The Center verified that the Complaint together with the amended Complaint satisfied the formal requirements of the Uniform Domain Name Dispute Resolution Policy (the “Policy” or “UDRP”), the Rules for Uniform Domain Name Dispute Resolution Policy (the “Rules”), and the WIPO Supplemental Rules for Uniform Domain Name Dispute Resolution Policy (the “Supplemental Rules”).
In accordance with the Rules, paragraphs 2 and 4, the Center formally notified the Respondent of the Complaint, and the proceedings commenced on November 10, 2017. In accordance with the Rules, paragraph 5, the due date for Response was November 30, 2017. The Respondent did not submit any response. Accordingly, the Center notified the Respondent’s default on December 4, 2017.
The Center appointed Christopher J. Pibus as the sole panelist in this matter on January 8, 2018. The Panel finds that it was properly constituted.
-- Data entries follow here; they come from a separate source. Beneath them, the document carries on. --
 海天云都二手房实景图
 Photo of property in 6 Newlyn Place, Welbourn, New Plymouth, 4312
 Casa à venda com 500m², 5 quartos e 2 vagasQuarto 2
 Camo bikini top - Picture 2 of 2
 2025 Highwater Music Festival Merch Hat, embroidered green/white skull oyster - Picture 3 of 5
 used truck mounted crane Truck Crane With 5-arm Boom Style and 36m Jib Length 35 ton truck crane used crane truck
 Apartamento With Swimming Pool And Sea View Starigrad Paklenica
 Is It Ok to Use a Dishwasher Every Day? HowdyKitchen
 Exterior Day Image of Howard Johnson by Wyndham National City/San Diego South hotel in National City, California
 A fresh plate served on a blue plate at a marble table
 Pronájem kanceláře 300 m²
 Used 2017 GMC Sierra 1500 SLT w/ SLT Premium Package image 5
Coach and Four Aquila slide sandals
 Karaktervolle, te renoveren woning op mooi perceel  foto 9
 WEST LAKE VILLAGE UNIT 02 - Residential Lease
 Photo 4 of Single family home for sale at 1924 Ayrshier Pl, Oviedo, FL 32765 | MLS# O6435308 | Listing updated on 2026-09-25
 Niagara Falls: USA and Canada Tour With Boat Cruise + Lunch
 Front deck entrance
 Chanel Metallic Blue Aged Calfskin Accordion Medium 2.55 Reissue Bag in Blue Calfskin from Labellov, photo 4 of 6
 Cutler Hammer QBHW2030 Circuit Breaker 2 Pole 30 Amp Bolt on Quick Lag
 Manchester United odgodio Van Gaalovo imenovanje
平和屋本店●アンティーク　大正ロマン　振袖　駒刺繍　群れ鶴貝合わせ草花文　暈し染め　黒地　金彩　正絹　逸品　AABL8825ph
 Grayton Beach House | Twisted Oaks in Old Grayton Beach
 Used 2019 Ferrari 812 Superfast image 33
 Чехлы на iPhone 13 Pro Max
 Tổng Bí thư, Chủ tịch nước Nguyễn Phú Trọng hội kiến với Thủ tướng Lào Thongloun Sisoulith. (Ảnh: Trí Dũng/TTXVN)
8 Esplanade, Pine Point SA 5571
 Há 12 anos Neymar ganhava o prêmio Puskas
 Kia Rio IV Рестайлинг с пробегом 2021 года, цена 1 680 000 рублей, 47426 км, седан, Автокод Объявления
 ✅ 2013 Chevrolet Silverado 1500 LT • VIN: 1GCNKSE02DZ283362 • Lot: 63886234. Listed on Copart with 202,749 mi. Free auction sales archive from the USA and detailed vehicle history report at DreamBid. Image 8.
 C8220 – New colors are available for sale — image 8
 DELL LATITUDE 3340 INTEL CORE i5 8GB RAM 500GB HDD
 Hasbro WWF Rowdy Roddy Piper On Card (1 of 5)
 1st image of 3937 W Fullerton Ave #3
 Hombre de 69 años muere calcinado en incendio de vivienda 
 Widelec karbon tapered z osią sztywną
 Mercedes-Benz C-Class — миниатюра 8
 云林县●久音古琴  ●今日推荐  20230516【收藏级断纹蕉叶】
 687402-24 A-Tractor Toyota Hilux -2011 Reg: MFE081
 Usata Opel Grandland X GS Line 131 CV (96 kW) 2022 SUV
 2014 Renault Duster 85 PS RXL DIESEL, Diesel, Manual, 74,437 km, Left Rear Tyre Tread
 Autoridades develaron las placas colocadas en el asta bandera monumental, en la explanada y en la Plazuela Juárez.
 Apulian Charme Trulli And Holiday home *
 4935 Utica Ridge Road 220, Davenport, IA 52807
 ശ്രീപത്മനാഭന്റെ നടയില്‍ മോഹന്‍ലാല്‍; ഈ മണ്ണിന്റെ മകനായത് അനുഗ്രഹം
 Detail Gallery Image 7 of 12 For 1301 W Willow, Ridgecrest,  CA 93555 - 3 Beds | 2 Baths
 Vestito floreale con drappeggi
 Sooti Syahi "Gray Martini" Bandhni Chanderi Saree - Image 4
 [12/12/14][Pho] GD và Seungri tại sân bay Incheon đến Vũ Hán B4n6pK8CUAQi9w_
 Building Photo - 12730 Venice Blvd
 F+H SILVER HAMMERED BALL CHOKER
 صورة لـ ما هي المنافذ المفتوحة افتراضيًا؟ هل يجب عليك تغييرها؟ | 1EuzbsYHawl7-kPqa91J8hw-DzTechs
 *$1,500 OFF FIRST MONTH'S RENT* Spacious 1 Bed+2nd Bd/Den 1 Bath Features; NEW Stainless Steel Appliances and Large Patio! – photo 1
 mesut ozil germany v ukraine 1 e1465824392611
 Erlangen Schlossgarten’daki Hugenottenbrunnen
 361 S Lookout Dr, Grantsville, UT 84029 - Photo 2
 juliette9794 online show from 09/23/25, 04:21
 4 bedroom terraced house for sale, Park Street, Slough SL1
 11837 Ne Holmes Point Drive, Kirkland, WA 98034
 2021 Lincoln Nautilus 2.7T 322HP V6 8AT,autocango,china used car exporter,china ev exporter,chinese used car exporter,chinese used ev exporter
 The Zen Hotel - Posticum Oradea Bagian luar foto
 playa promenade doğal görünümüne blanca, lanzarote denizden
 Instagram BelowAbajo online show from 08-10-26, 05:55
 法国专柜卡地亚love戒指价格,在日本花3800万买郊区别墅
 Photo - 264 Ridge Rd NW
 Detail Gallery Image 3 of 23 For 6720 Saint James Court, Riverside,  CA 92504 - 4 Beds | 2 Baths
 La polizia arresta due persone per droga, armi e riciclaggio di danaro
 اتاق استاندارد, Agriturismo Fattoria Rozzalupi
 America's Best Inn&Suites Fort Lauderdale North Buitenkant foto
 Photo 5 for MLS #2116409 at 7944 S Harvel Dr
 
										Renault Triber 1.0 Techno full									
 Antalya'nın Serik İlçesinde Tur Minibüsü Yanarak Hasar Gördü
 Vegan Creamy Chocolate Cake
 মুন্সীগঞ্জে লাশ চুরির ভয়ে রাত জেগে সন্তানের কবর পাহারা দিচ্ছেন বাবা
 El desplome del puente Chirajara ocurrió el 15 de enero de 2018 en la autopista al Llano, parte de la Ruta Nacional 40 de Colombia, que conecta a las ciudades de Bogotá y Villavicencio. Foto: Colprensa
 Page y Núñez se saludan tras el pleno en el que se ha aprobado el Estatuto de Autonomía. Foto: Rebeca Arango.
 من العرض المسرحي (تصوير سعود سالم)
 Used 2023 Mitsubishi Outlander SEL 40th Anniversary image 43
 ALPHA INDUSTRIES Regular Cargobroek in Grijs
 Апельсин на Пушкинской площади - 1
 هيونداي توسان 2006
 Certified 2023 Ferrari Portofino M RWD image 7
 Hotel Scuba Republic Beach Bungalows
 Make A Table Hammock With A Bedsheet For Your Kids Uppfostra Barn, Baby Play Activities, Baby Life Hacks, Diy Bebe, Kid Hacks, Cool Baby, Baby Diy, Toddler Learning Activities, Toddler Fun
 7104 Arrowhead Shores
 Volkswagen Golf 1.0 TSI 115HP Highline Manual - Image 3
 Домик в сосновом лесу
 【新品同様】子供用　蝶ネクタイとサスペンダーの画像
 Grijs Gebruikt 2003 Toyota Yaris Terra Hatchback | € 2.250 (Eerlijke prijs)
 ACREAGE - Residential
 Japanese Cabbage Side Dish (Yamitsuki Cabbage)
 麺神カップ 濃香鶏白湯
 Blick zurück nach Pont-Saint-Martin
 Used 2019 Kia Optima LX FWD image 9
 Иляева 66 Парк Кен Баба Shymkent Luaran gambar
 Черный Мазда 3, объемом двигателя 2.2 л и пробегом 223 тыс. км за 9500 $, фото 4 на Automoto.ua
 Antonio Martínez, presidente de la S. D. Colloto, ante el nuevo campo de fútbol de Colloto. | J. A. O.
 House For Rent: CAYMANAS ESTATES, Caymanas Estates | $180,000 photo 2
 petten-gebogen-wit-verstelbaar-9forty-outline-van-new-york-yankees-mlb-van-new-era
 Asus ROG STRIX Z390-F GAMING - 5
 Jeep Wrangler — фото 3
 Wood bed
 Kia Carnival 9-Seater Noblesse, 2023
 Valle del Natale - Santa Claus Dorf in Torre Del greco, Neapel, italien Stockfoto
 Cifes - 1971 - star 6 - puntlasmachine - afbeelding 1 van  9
The Panel has submitted the Statement of Acceptance and Declaration of Impartiality and Independence, as required by the Center to ensure compliance with the Rules, paragraph 7.
4. Factual Background
The Complainant Agfa-Gevaert NV is a Belgian-based business that develops, produces, and distributes a range of analog and digital imaging systems and IT solutions, mainly for the printing industry and the healthcare sector, as well as for specific industrial applications.
The Complainant owns many trademark registrations around the world for its AGFA trademark, including European Union Trademark No. 3353463 for the word AGFA, registered on January 24, 2005. The Complainant has been active in the graphics and photographic sector for many years and enjoys a worldwide reputation with its AGFA mark.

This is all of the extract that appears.